Brexit was meant to grab power from hated bureaucrats in Brussels and hand it back to a sovereign British parliament. Picture: GETTY IMAGES/ LEON NEAL
Brexit was meant to grab power from hated bureaucrats in Brussels and hand it back to a sovereign British parliament. Picture: GETTY IMAGES/ LEON NEAL

The term “mother of parliaments”, which was uttered in the 19th century in reference to England, has often been used to reinforce the UK’s idea of itself as a mother of democracy itself.

It’s a reputation that’s been centuries in the making and was reinforced in the last century as the Westminster model of parliamentary democracy was adopted by nations that were formerly part of the British Empire.

One can have a view about colonialism and its legacy but what can’t be denied is the uniqueness of the British constitutional arrangement. The idea of a constitutional order that endures for centuries without an actual written document is something to behold and unlikely to be seen in practice again.

It is governance that evolved over centuries, informed by a set of values and rules that aren’t contained in any particular code. Some of these are enshrined in law and others are purely a reflection of consensus within the society.

Central to this has been the idea that parliament is sovereign, which itself evolved over centuries reflecting struggles and conflicts that eventually settled the roles of key institutions from the monarchy to the church.
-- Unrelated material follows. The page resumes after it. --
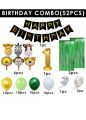 1st Birthday Decoration - 52Pcs, Jungle Theme Birthday Decoration For Boys, Girls | Happy Birthday Decoration Items | First Birthday Decorations With Balloons, Birthday Banner(Cardstock).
So the Financial Times was hardly exaggerating when it likened Prime Minister Boris Johnson’s decision this week to suspend parliament, in an apparent move to force a hard Brexit and thwart MPs who stand in his way, to detonating a bomb.

It’s a full-frontal attack on Britain’s representative democracy and at any other time before the Brexit vote and the rise of Donald Trump in the US it would have been unimaginable.
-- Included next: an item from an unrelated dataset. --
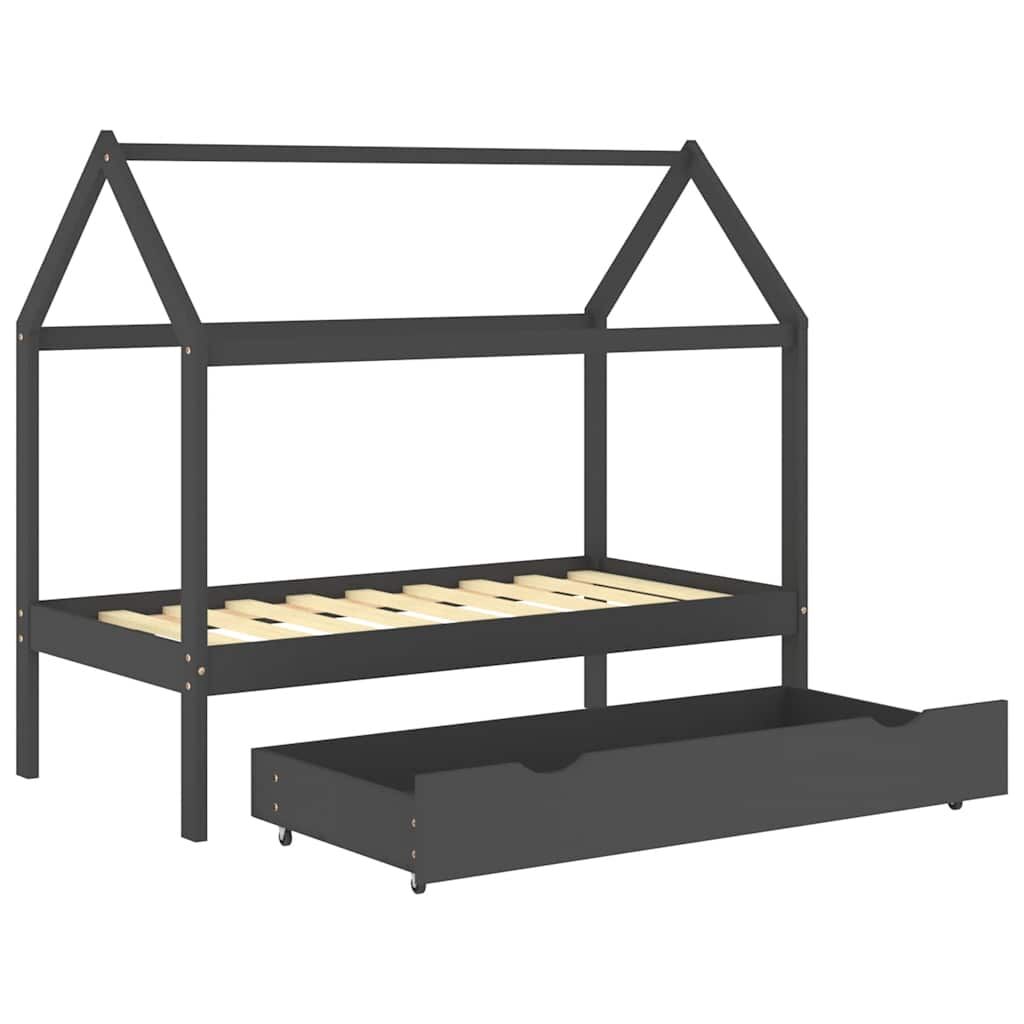 Vidaxl Estructura De Cama Infantil Y Cajón Madera Pino Gris 80x160cm_4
It’s a sign of the times that a prime minister, in pursuing a narrow political goal that he doesn’t have majority support for, is willing to risk going down in history as the one who attempted to dismantle a democratic system that took centuries and countless lives to to build.

How this will end is anyone’s guess, but what is clear is that it has the capacity to inflict enormous damage and entrench divisions and demons unleashed by that fateful 2016 referendum.

Less than 24 hours after the decision, by a prime minister who doesn’t have a parliamentary majority and has yet to lead his party to an election, the leader of Johnson’s Conservative Party  in Scotland resigned and at least 1.3-million people signed a petition against what speaker of the house John Bercow described as a “constitutional outrage”.

The dismay was evident in newspaper headlines on Thursday, which reflected the division spawned by a referendum that produced the decision to withdraw from a single market of half a billion people that Britain had been intertwined with for more than four decades. 

“Uproar” and “outrage” were prominent in the front pages of the Guardian and Financial Times, while newspapers that have  supported Brexit were more benign. Headlines in the latter perhaps showed their ambiguity, uneasy about the method though sympathetic towards the ultimate goal. So they went with terms such as “gloves are off” and “Johnson goes for broke”.  Not condemnation, but hardly a ringing endorsement.

One of the rallying cries of the Brexit debate was that it would take power back from unnamed and hated bureaucrats in Brussels and hand it back to a sovereign British parliament.

How ironic then that the government has decided that the best course of action is to close down that very parliament and shut the representatives of the people out of the debate as it seeks to push through a no-deal Brexit — the prospect of which has already made the UK poorer and weaker.

And markets are bracing for more chaos and are treating the pound as if it was an emerging-market currency. A measure of implied volatility for the next two months — taking us to a day before the October 31 Brexit deadline — signals that sterling will have the biggest price swings of any major currency except the rand.

How this “very British coup” pans out clearly has investors nervous.